Yes, this is biased, since most believe that their particular home is the best place to be. Most people who inhabit Los Angeles actually believe that they are in the best place to be; which is fortuitous, since millions of people searching for someplace better could cause this region to become unpleasantly crowded. Obviously, we tend to believe that there is no place like home.

Yet, regardless of obvious bias, it is impossible to deny that, besides being the best place for those of us who live here, this really is among the most excellent places in the entire Universe. The climate is perfect, with just enough winter without too much chill, just enough summer without too much heat, plenty of sunny weather, and only mild storms within a brief rainy season. Scenery is exquisite, with grand redwoods and the coast of the Pacific Ocean nearby. Society is remarkably diverse, accommodating and generous. There are too many advantages to being here to list. Even those who lack domestic situations know how fortunate we are to be here.

December 22, 2021 – Memorial Tree Update

before and after pruning

Winter pruning happens in, well, winter, which began with the solstice on December 21. The little Memorial Tree in Felton Covered Bridge Park got pruned and groomed on the day after, which was December 22. It was already sufficiently dormant for the process. I did not want to delay it any longer than necessary.

Lower stems were removed both to improve minimal clearance for pedestrians, and to direct growth upward next year. Growth had gotten obtrusively low through summer; but pruning was delayed until dormancy. A few more of the unobtrusive lower stems that are substantial enough to compete with desirable upper growth may be pruned away later. Smaller lower stems will likely subordinate to more vigorous upper growth, even if not pruned away later. Only a few stems that crossed over primary limbs were removed, but probably did not need to be, since they likely would have eventually subordinated.

Binding of the main trunk was finally removed. The tree was bound from the beginning because it was so young, with irregular structure. As it matured, taller new binding stakes replaced the shorter old binding stakes, to straighten and direct the main trunk.
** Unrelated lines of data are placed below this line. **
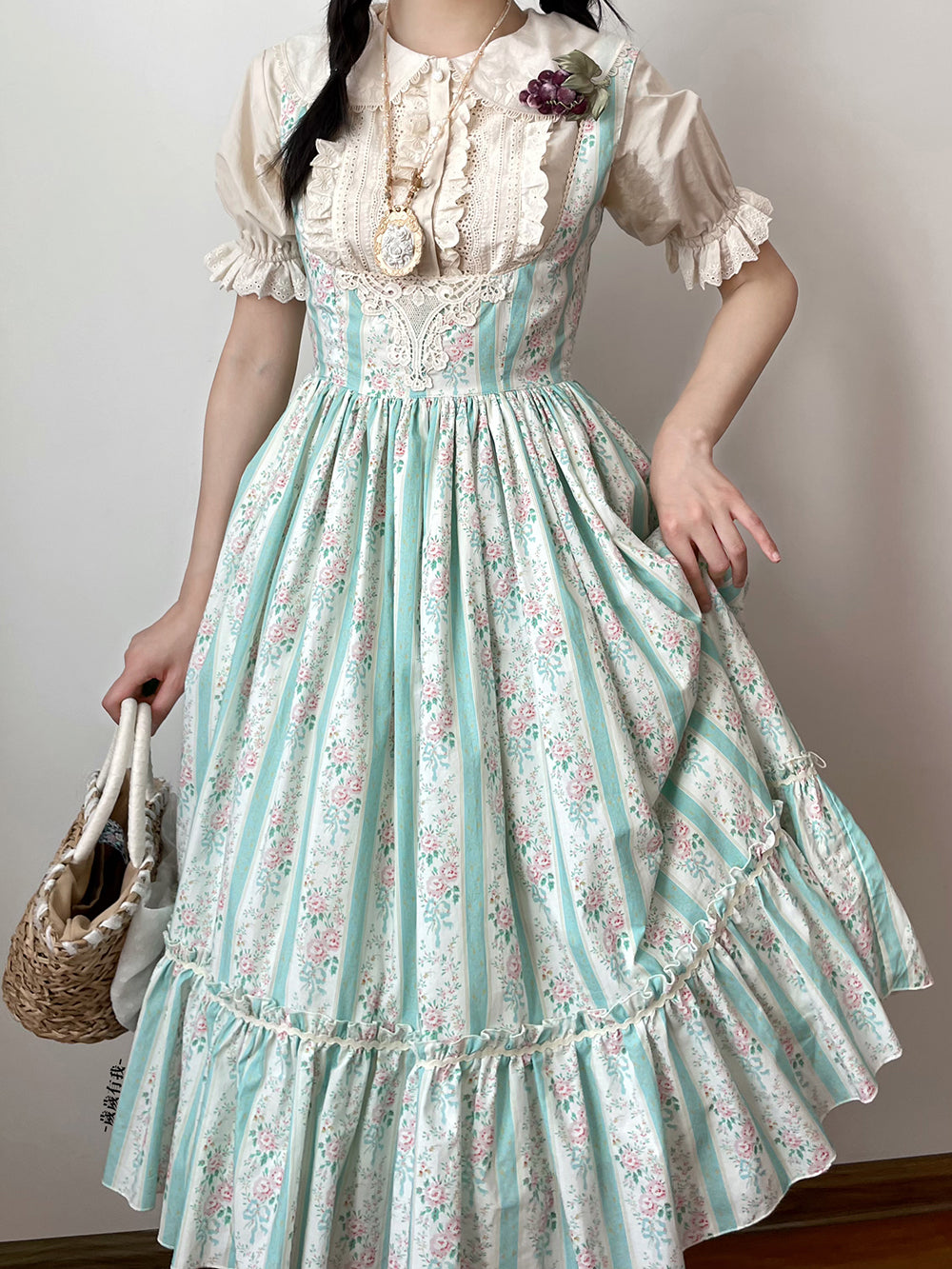 (Buyforme)Miss Point~Happy Summer Elegant Lolita Floral Jumper Skirt   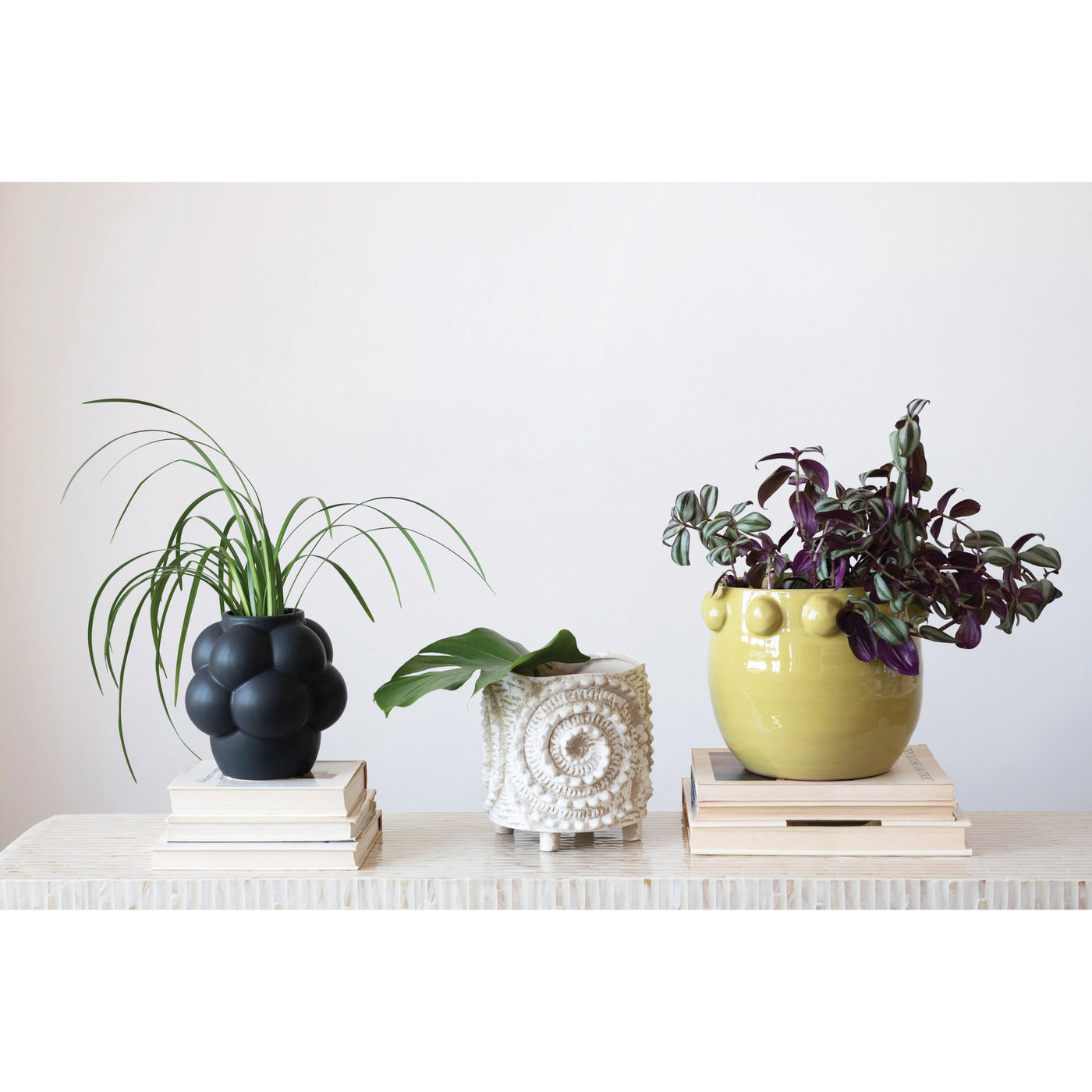 Terra-cotta Planter w/ Raised Dots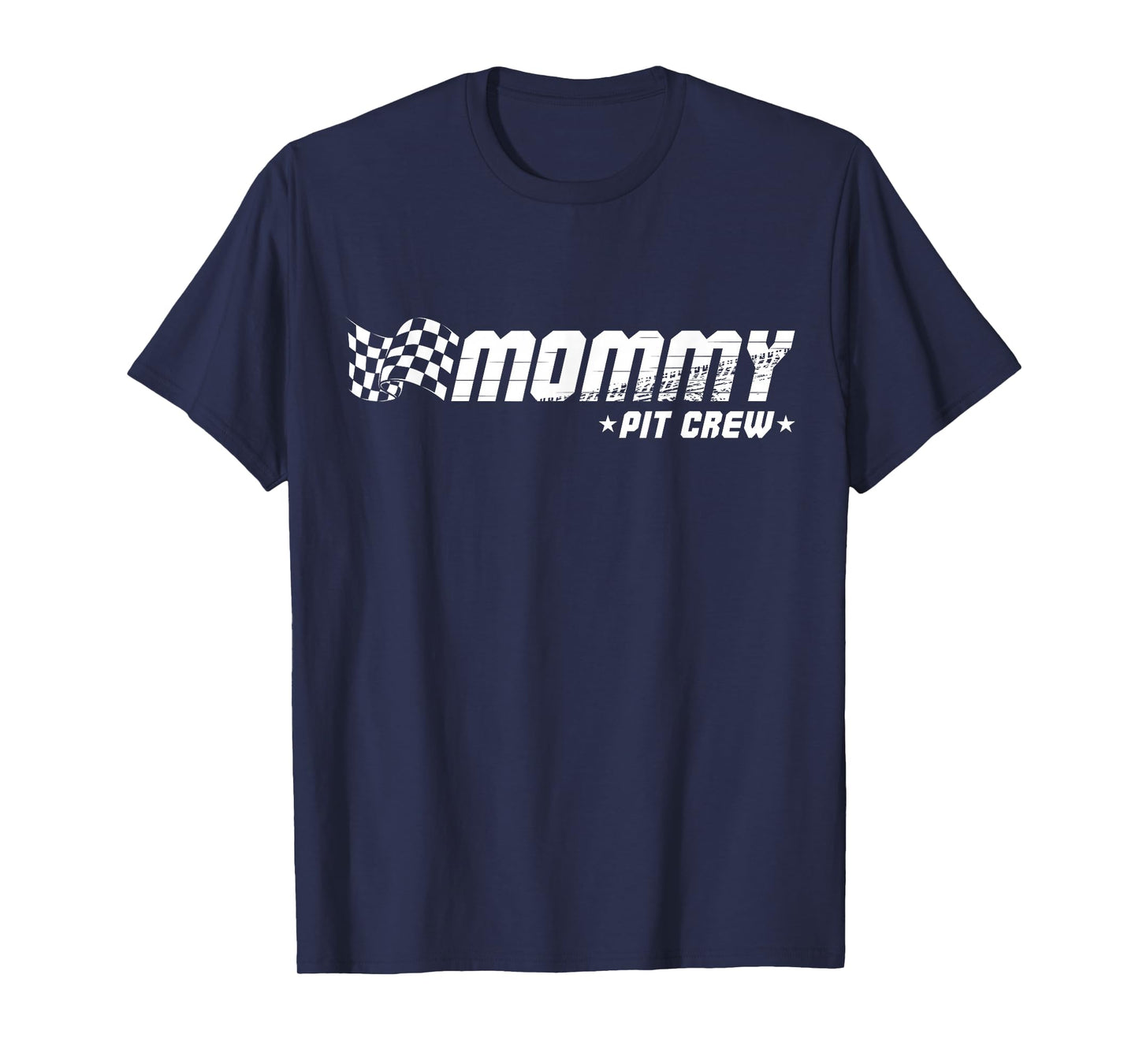 Mommy Pit Crew Race Car Birthday Family Racing T-Shirt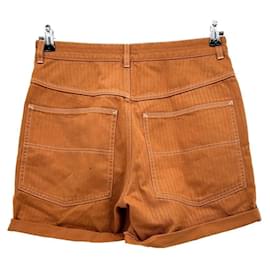 Isabel Marant-ISABEL MARANT Shorts T.FR 38 Cotton-Camel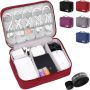 Alena Culian Electronic Organizer Travel Universal Cable Organizer Electronics Accessories Cases for Cable, Charger, Phone, USB, SD Card - Image 6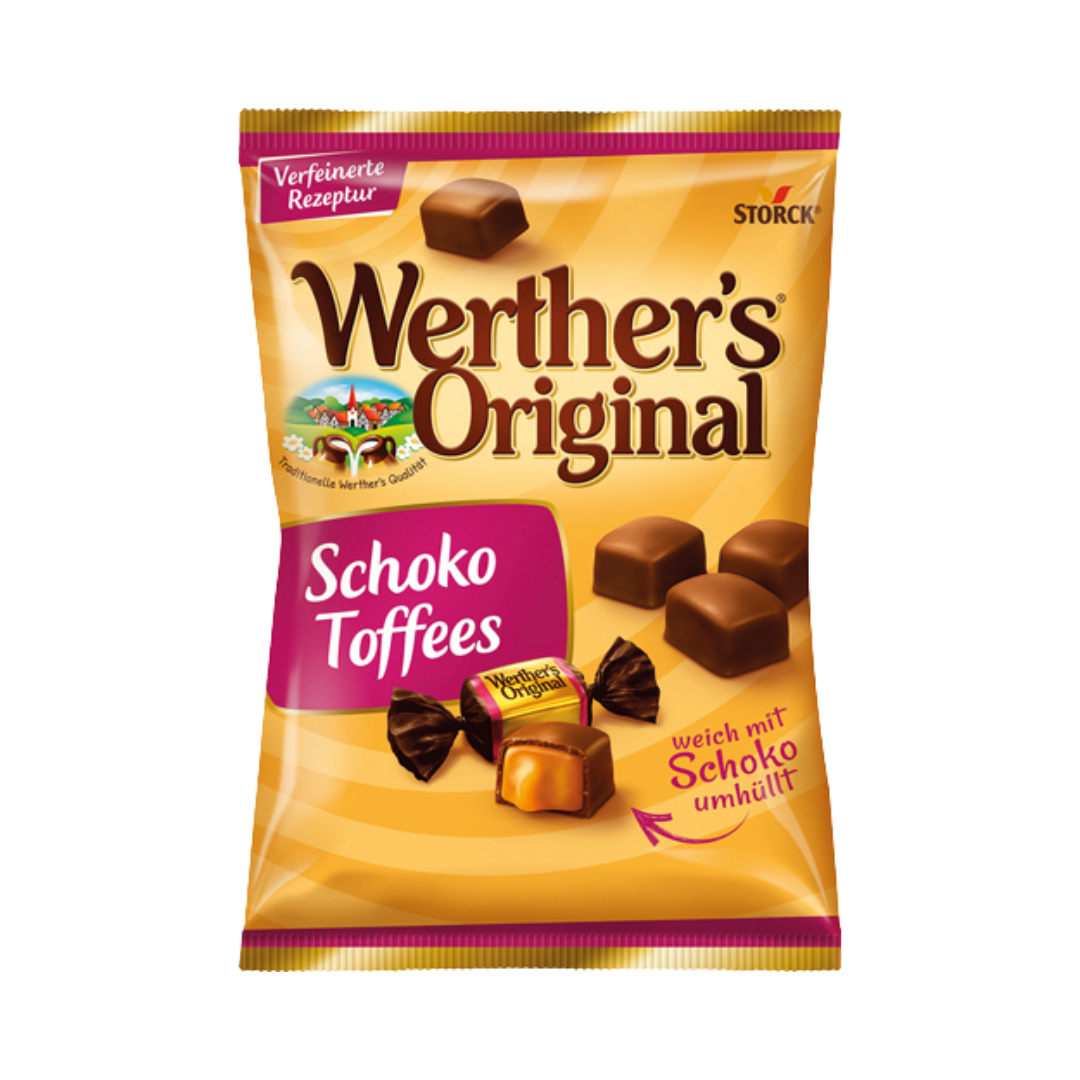 Storck Werther's Original Schoko Toffees, 180g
Although the main trunk was sufficiently tall to not require binding last year, it remained bound for straightness.

Binding is typically performed while trees are developing in nurseries, so that trees do not need binding once installed into landscapes. Such procedures are performed by nurserymen, but neither arborists nor gardeners. I was therefore pleased to remove the binding from the landscape. However, and embarrassingly, because growth had been so vigorous through last year, two main limbs were temporarily bound to direct their growth away from each other! They would otherwise develop a detrimentally narrow and consequently structurally deficient branch union. Their binding should be removed next winter.

Although the binding stake was removed, a stabilizing stake was replaced, and should remain until next winter, and might remain, perhaps with minor adjustment, until the winter afterward if necessary. Because the stabilizing stake is coincidentally directly behind the tree trunk in the picture, it is not visible. A larger and older wooden stake that broke at the base, but remained attached between the tree trunk, binding stake and newer stabilizing stake through most of last year, after the newer stabilizing stake was installed, is now gone.

The little Memorial Tree in Felton Covered Bridge Park is doing quite well.